Monet kannte Japan nur aus Abbildungen japanischer Kunst. Auch die übrigen Japonisten waren niemals selbst im Lande. Geschichte und Gegenwart des fernen Staates interessierten sie kaum. Für sie bedeuteten Motive aus dem asiatischen Land eine Bereicherung der europäischen Kunst, eine Neuerung, die dem Impressionismus noch einmal einen Kick versetzte. Dem letzten der zwölf Ausstellungssäle ist der Hinweis vorangestellt, dass es dort zu "Irritationen" kommen könne. Das Kabinett gibt nämlich Einblick in Picassos Spätwerk, in die erotische Variante des Japonismus.

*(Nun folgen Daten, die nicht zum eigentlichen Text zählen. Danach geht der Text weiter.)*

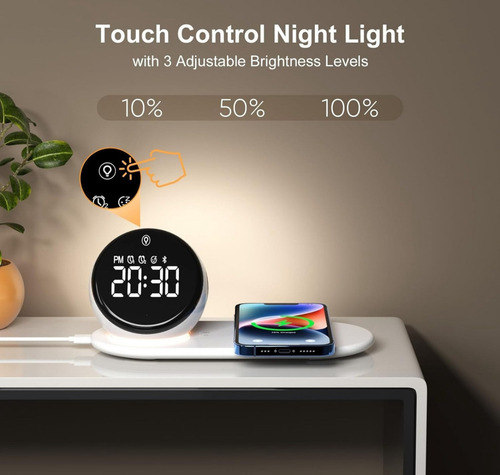 Parlante Bluetooth Lampara Carga Inalámbrica Reloj Digital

Nicht nur Picasso, auch Degas, Henri de Toulouse-Lautrec und Auguste Rodin sammelten japanische Shunga - "Frühlingsbilder" mit kunstvoll verknäuelten Paaren, die ihr Glück im siebenten Himmel genießen. Picasso bereitete es sichtlich Vergnügen, seinen Teil zum Obszönitäten-Kabinett beizutragen. Es scheint, als habe er mit dieser am Lebensende zur Schau gestellten Lust noch einmal seine Schöpferkraft ausstellen wollen.

Die Essener Schau ist das, was man einen Blockbuster nennt: eine Ausstellung, die mit großen Namen Publikum anlocken will. Doch sie wirkt nicht so kommerziell, wie die drei Titanen im Titel es vermuten lassen. Immerhin nimmt sie sich viel Zeit für die japanische Kunst und setzt im Impressionismus des Westens Akzente auch abseits von Monet, Gauguin und van Gogh.